De acordo com o governo norte-americano, foram atingidos sistemas de defesa antiaérea, instalações navais, centros de comando, depósitos de armamentos e outras estruturas consideradas estratégicas. A operação foi autorizada pelo presidente Donald Trump, que declarou o fim do cessar-fogo entre os dois países e afirmou que novas ofensivas poderão ser realizadas caso o Irã mantenha ações consideradas hostis por Washington.
A ofensiva ocorre após uma série de incidentes envolvendo navios comerciais no Estreito de Ormuz, uma das principais rotas marítimas para o transporte mundial de petróleo. Os Estados Unidos atribuem ao Irã a responsabilidade por ataques recentes contra embarcações na região, acusação rejeitada por Teerã, que classificou a ação militar americana como uma violação de sua soberania.

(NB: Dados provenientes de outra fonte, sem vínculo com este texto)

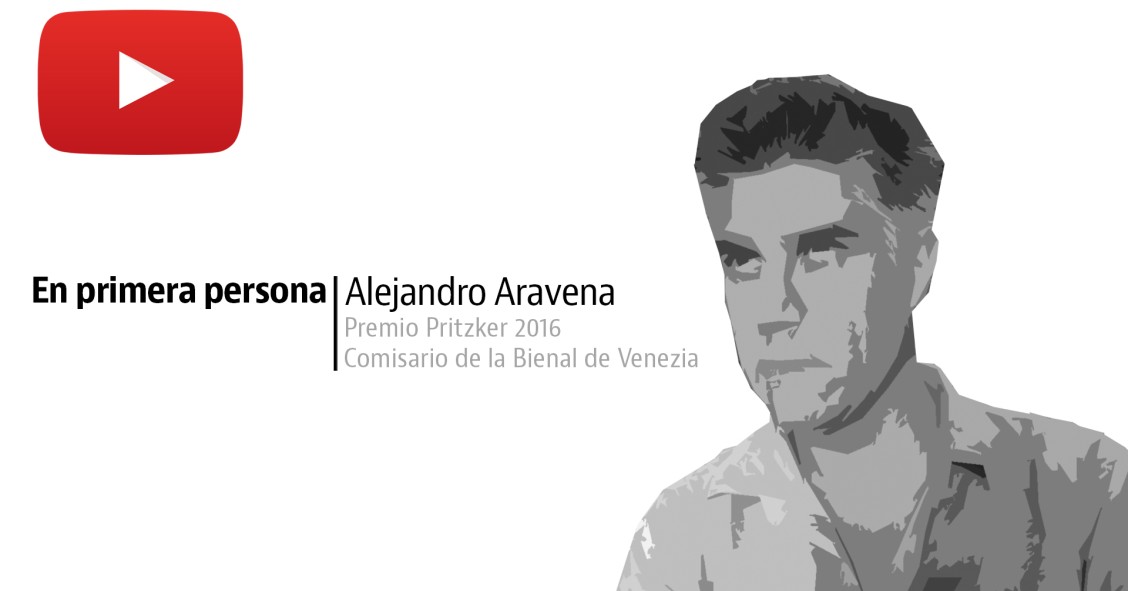 Alejandro Aravena: “Un arquitecto debe encontrar la forma para mejorar la vida de las personas”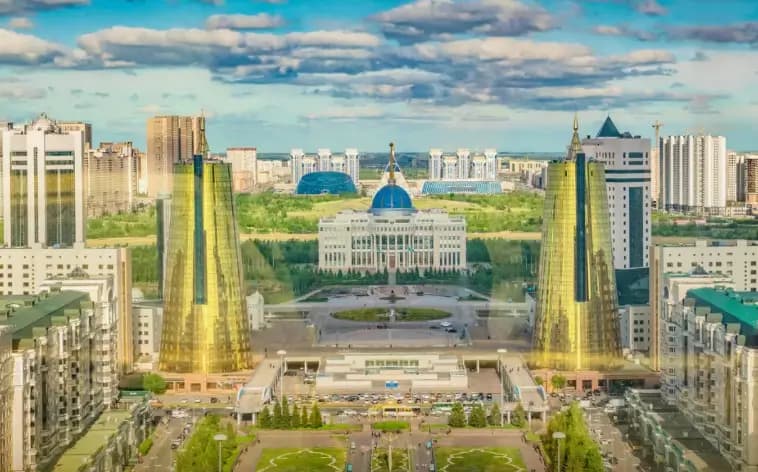 Казахстан готовится к запуску международной отчетности по криптовалютным активам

Em resposta, o governo iraniano anunciou o lançamento de drones e outros ataques contra instalações militares dos Estados Unidos no Golfo Pérsico, incluindo bases localizadas no Kuwait, Bahrein e Catar. Segundo autoridades iranianas, a ofensiva representa um exercício do direito de defesa diante dos bombardeios americanos. Sistemas de defesa aérea desses países foram acionados para interceptar parte dos projéteis e aeronaves não tripuladas.
O Ministério da Saúde do Irã informou que os ataques deixaram mortos e dezenas de feridos em diferentes províncias do país. Até o momento, os números não foram confirmados por fontes independentes e podem ser atualizados conforme avançam as operações de resgate.
A intensificação do conflito eleva a preocupação da comunidade internacional com uma possível ampliação da guerra no Oriente Médio. Especialistas alertam que uma escalada militar pode comprometer a segurança da navegação no Estreito de Ormuz e provocar impactos significativos no mercado global de petróleo e energia.